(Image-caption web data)
+===+

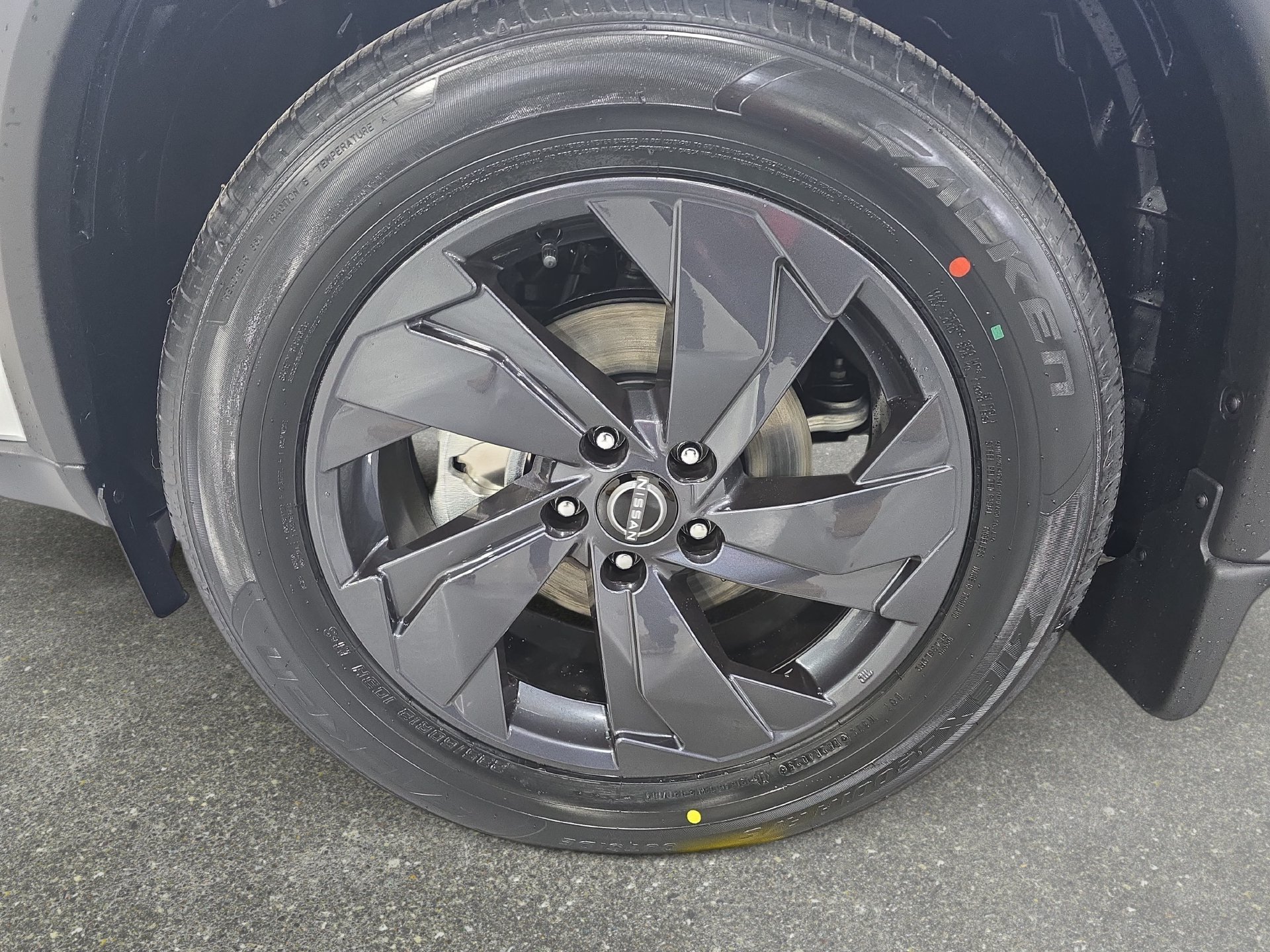 New 2026 Nissan Rogue SV w/ Cold Weather Package FWD image 30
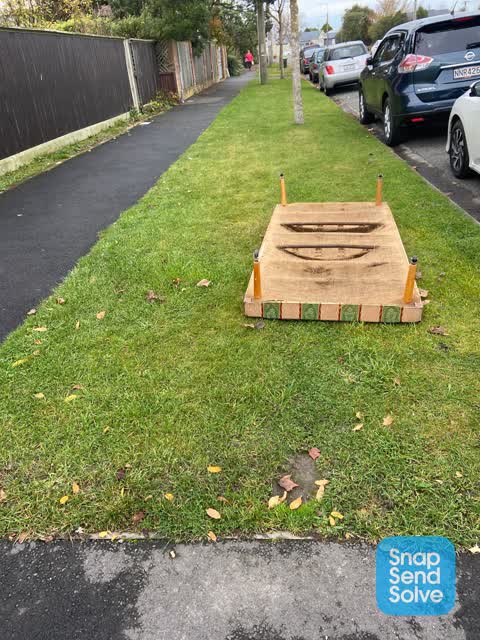 Rubbish/Recycling, a report photo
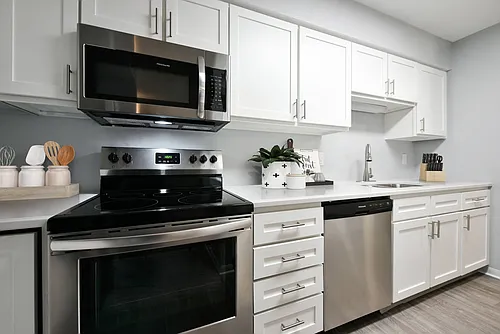 The Donovan Apartment Homes Photo 1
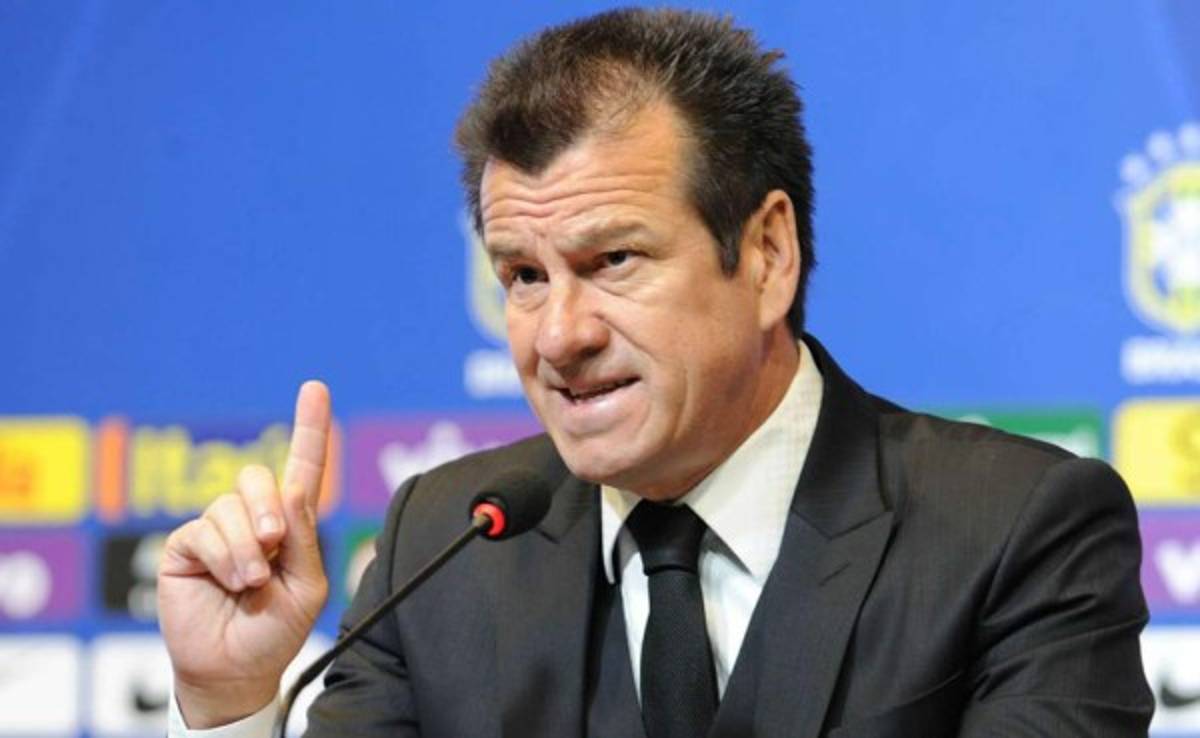 Dunga excluyó a Marcelo de la selección de Brasil por hablador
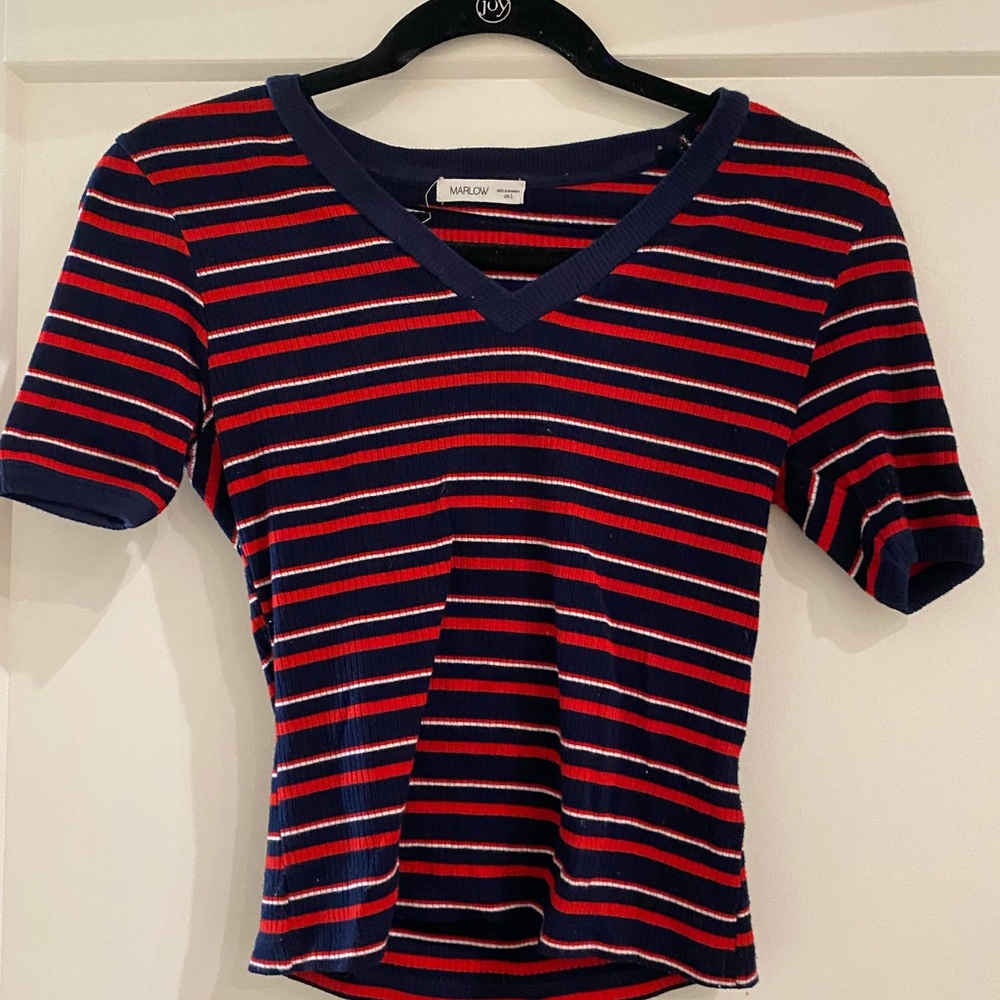 Small MARLOW short sleeve multi lined color shirt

+===+

● The problem
Exact output of each line above is wanted, without the pictures.

● Answer box
 New 2026 Nissan Rogue SV w/ Cold Weather Package FWD image 30
 Rubbish/Recycling, a report photo
 The Donovan Apartment Homes Photo 1
 Dunga excluyó a Marcelo de la selección de Brasil por hablador
 Small MARLOW short sleeve multi lined color shirt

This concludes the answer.